Task details
Among the entries below, only the lines from the one with "Beautiful young girl" through the one with "Wall Mural - Fresh" are to be retyped, exactly and without pictures.

:: Information shown ::

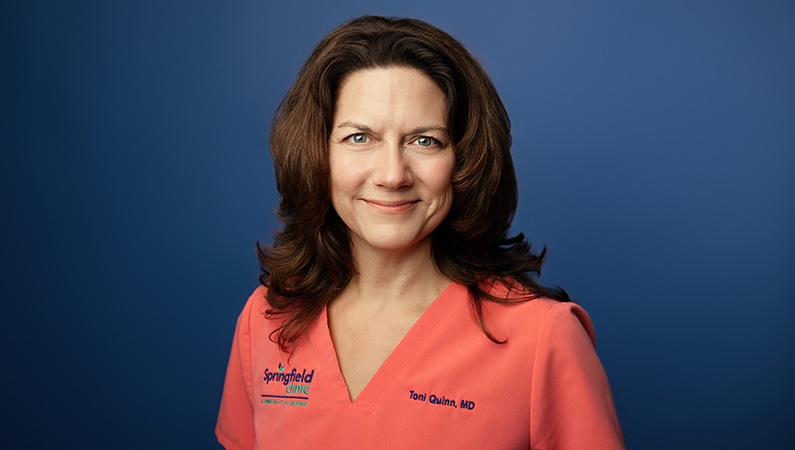 Female physician smiling in front of blue photo backdrop.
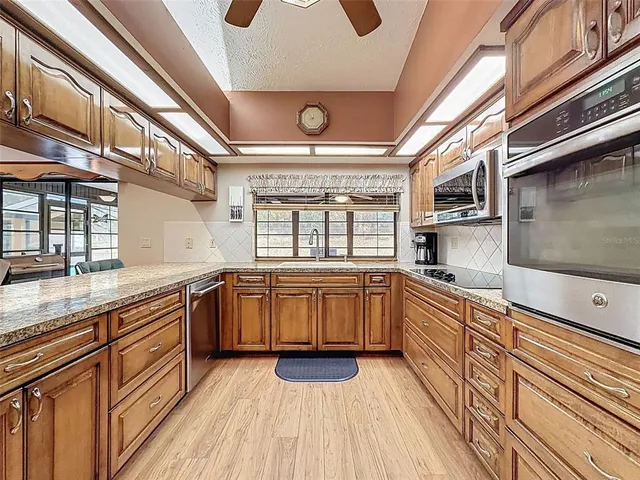 a large kitchen with stainless steel appliances granite countertop a stove and a sink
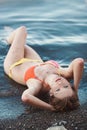 Beautiful young girl in swimsuit, posing lying on the beach Royalty Free Stock Photo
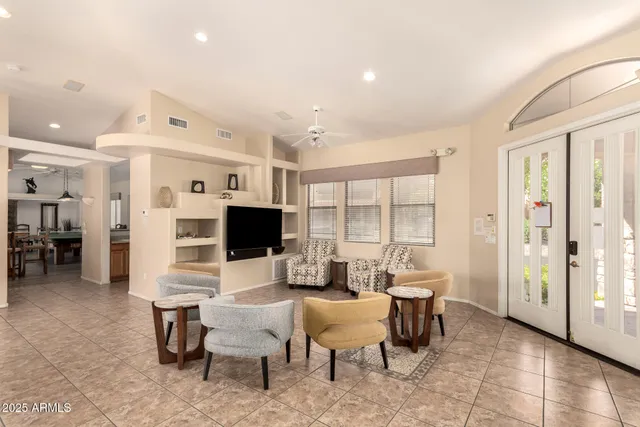 a living room with furniture and a large window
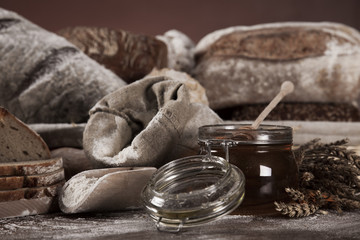 Wall Mural - Fresh bread and wheat on the wooden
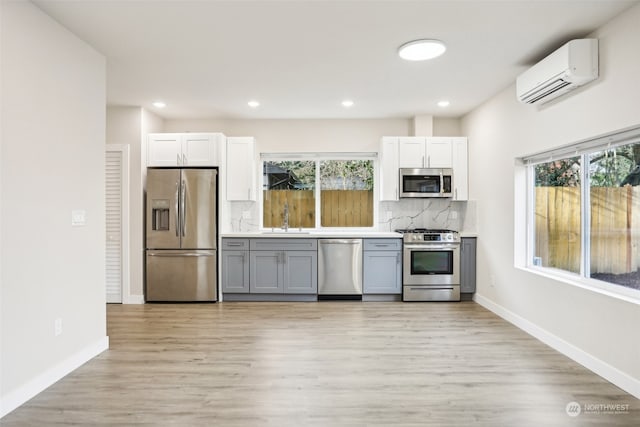 kitchen featuring a wall mounted AC, a wealth of natural light, light hardwood / wood-style flooring, and appliances with stainless steel finishes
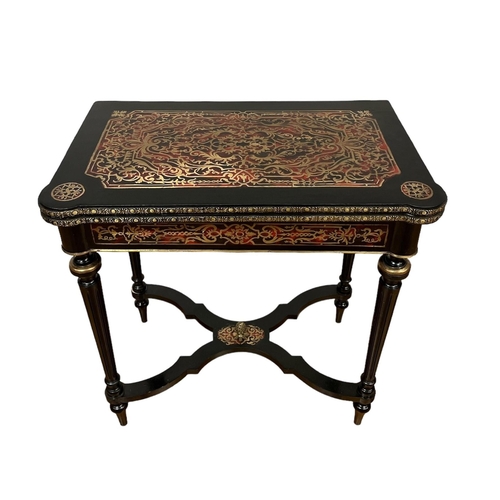 183 - AN EBONISED RED BOULLE AND BRASS INLAID FOLDOVER CARD TABLE the rectangular hinged top on fluted tap... 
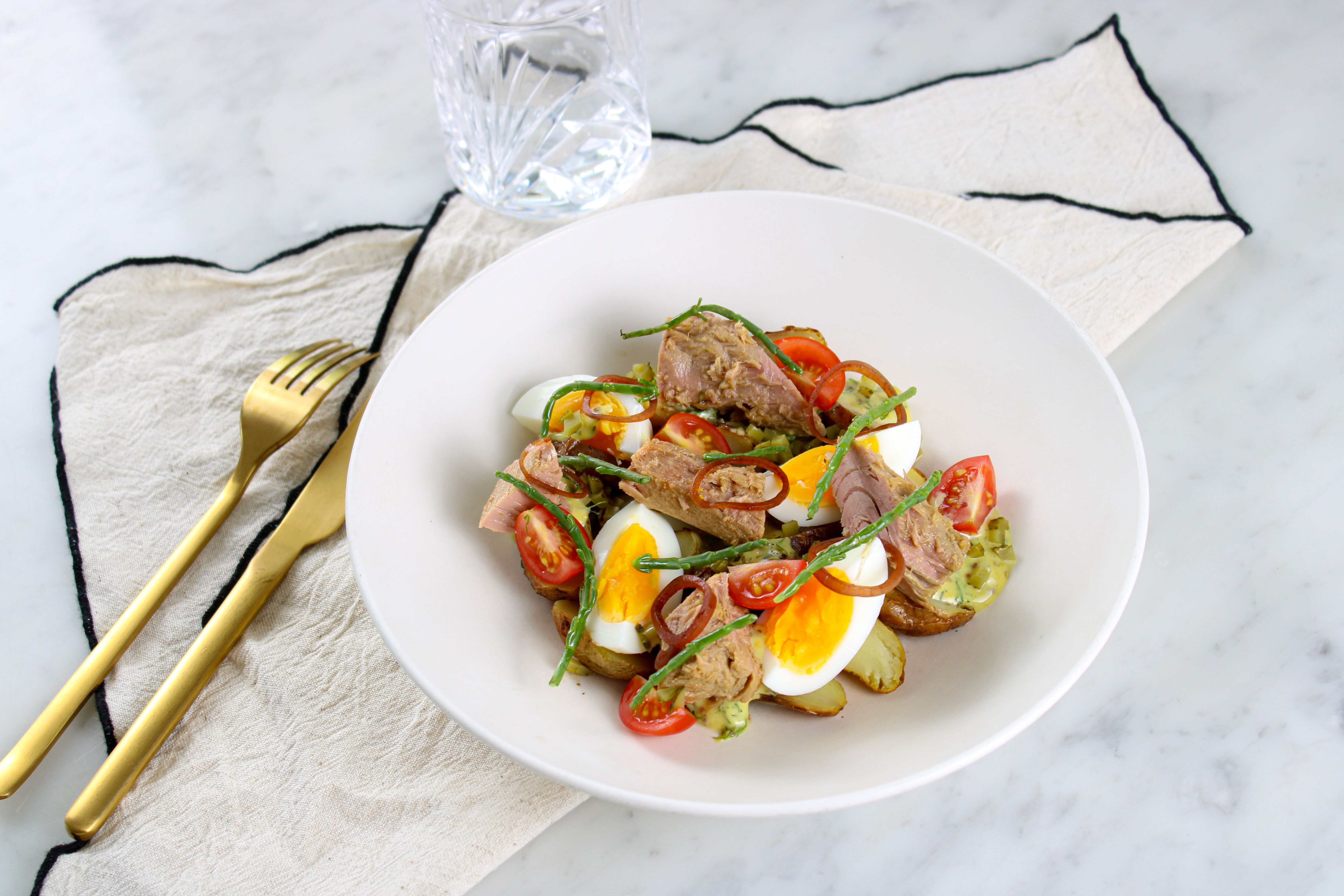 A fresh tuna salad featuring boiled eggs, cherry tomatoes, and greens, elegantly plated.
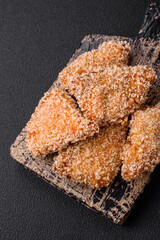 Delicious fresh crispy chicken nuggets on a dark concrete background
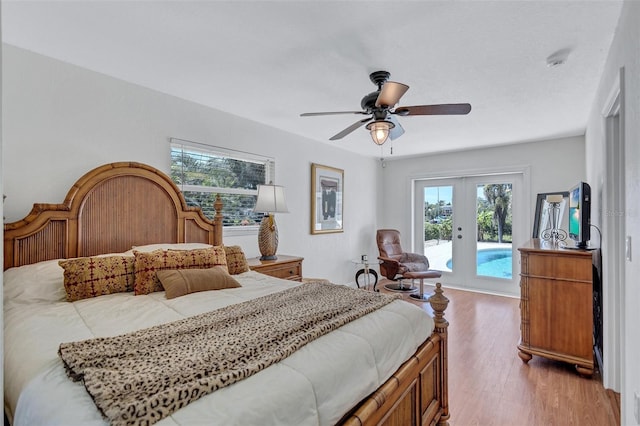 6962 Belgrave Dr, Sarasota, FL 34242 - bedroom featuring access to outside, french doors, wood finished floors, and a ceiling fan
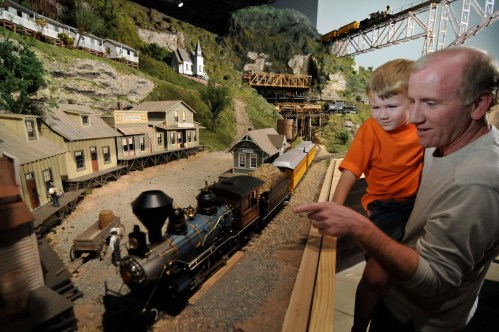 A man and a boy observe a detailed model train set, pointing at the miniature train and surrounding scenery.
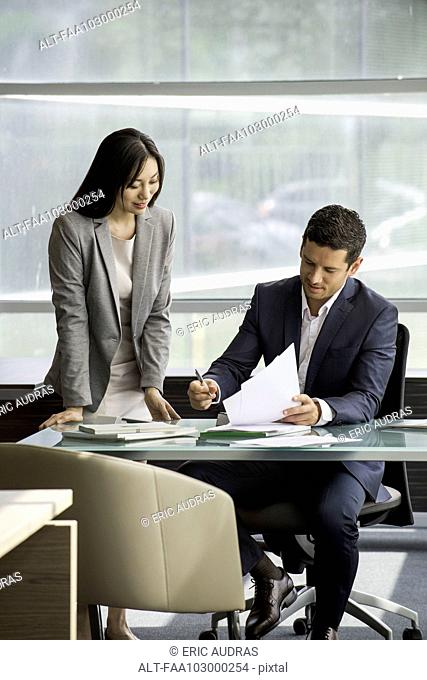 Secretary working with executive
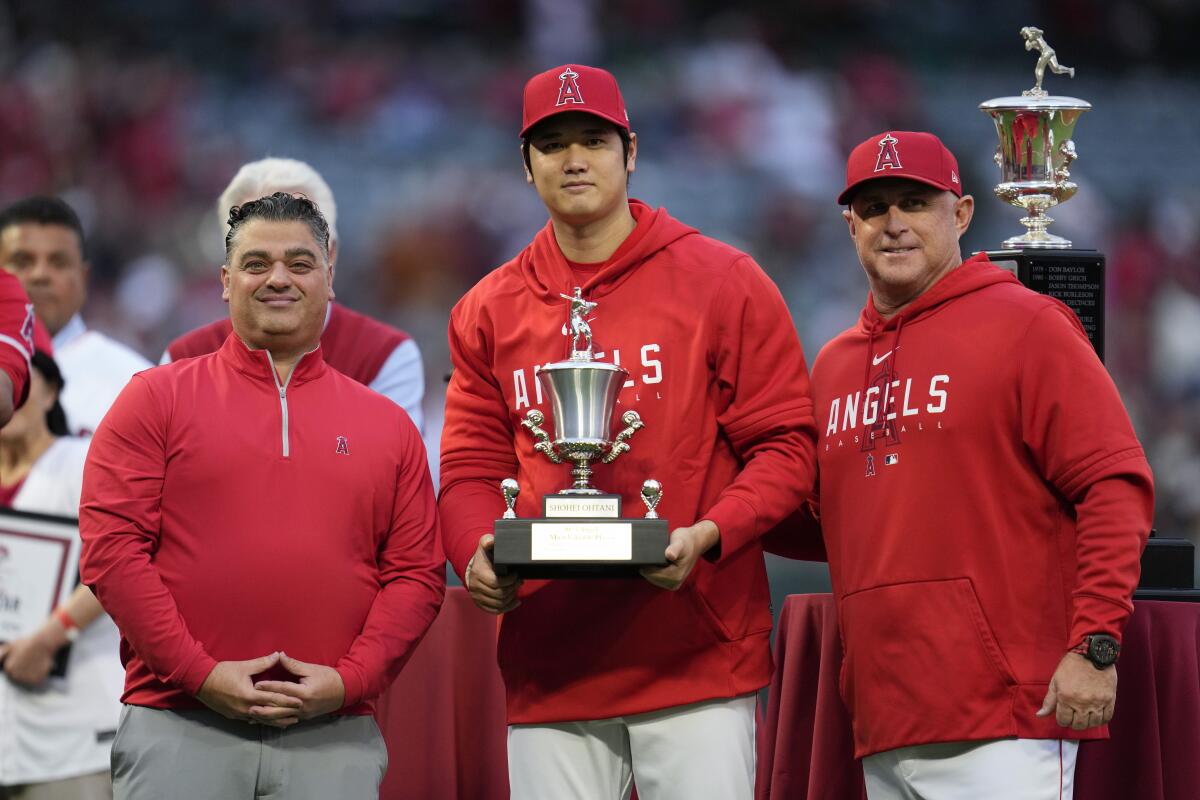 Los Angeles Angels' Shohei Ohtani, center, poses with general manger Perry Minasian.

:::

Output
 Beautiful young girl in swimsuit, posing lying on the beach Royalty Free Stock Photo
 a living room with furniture and a large window
 Wall Mural - Fresh bread and wheat on the wooden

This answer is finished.